Article Coup-De-Coeur | Comment périodiser ton entraînement : Les ESSENTIELS - Par Valérie Niro

08 Mars 2017 | Anne-Marie Gobeil

Ceci est un article de notre collaboratrice Valérie Niro qui est une kinésiologue se donnant pour mission de véhiculer une mode de vie sain et actif. Elle est également une adepte invétérée de l’entraînement en force et en hypertrophie et en powerlifting. Entraîneure personnelle au Centre Père Sablon à Montréal, elle adore voir ses clients progresser et se surpasser !

Bon, je sais, l’été arrive et tu es pressée d’atteindre tes objectifs et tu te lances dans l’entraînement comme une bête sans réellement savoir quoi faire et sans t’être posé les questions essentielles. « Ben oui, je sais quoi faire! Je veux prendre de la masse donc je vais faire un entraînement en hypertrophie, genre 3 x 10 reps ! » me répondras-tu.

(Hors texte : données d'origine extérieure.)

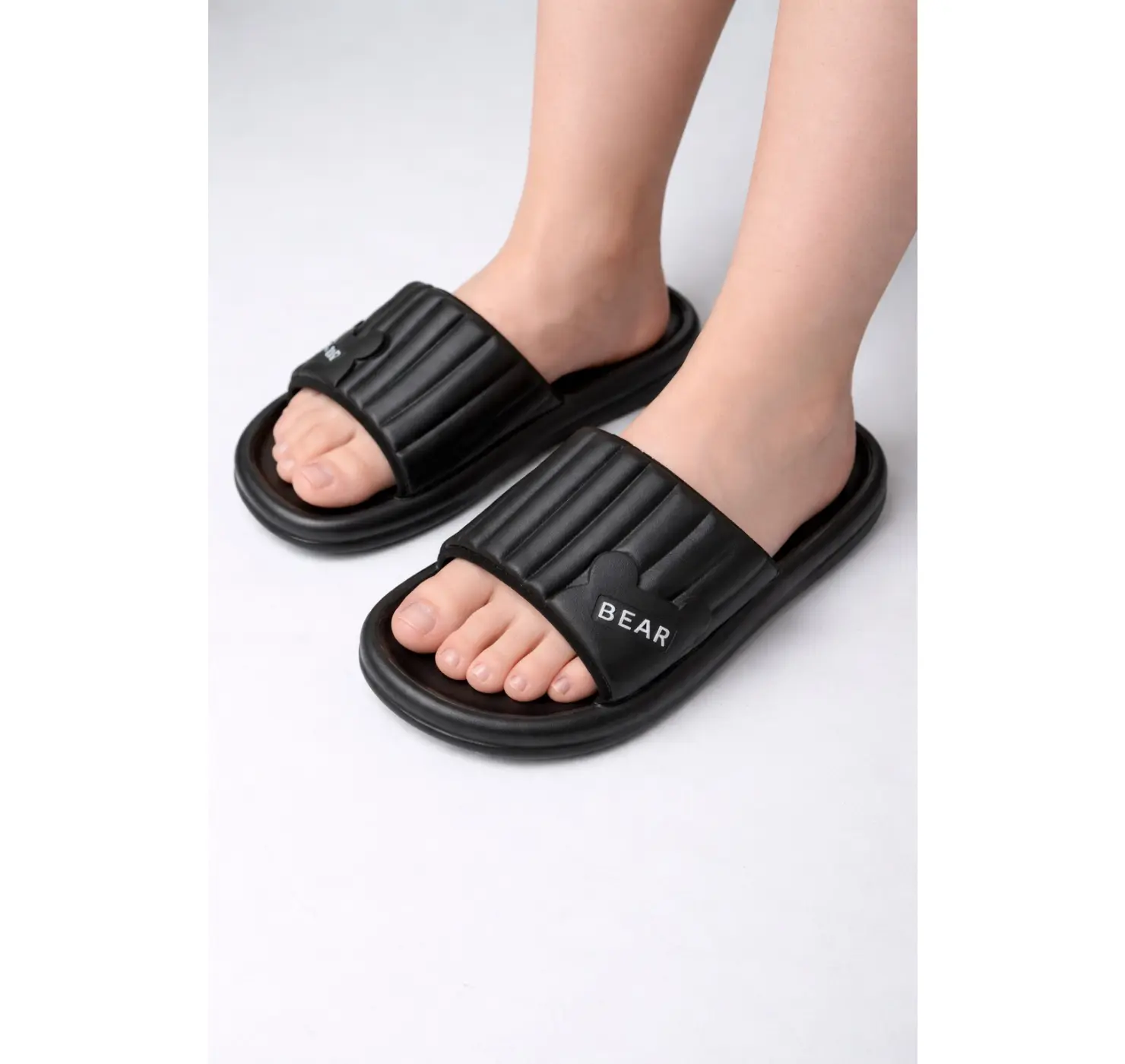 Тапки резинові. Розмір 36.| Колір: Чорний. Дрімстан вид 1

Et moi de te rétorquer : « Es-tu vraiment rendue là? Quelle était ta phase d’entraînement précédente? Depuis combien de temps t’entraînes-tu ? Tu vas faire ça pour combien de temps ? Et dans 3 mois tu feras quoi ?

Les réponses à ces questions se retrouvent dans la périodisation de ton entraînement, primordiale à l’atteinte de tes objectifs! Tu dois savoir d’où tu viens et où tu vas pour que ton corps puisse générer des adaptations adéquates.

 

Une périodisation d’entraînement est composée de macrocycles équivalents à de longues périodes de temps (2 ans, 1 an, 6 mois), de mésocycles équivalents à des périodes de temps moyens (semaines, mois) et souvent reliées à des changements de programmes et finalement de microcycles correspondants à de courtes périodes de temps (jours).

C’est à travers cette périodisation qu’on peut se fixer des objectifs à court, à moyen et à long terme.

Par exemple, voici une périodisation basique d’entraînement sur 1 an pour une fille débutante qui veut en premier lieu prendre de la masse musculaire (objectif à court et à moyen terme) et améliorer sa force physique (objectif à long terme).

Périodisation annuelle

Objectif court terme (3 mois) : prise de masse musculaire (5-8 lbs)

Objectif ultime : gain de force (Squat, Deadlift, Bench press)

 

1) Mars : Balance structurelle et endurance musculaire : (sets/reps) 3 x 12-15.

            Fréquence : 3x semaine, Méthode : « full body workout »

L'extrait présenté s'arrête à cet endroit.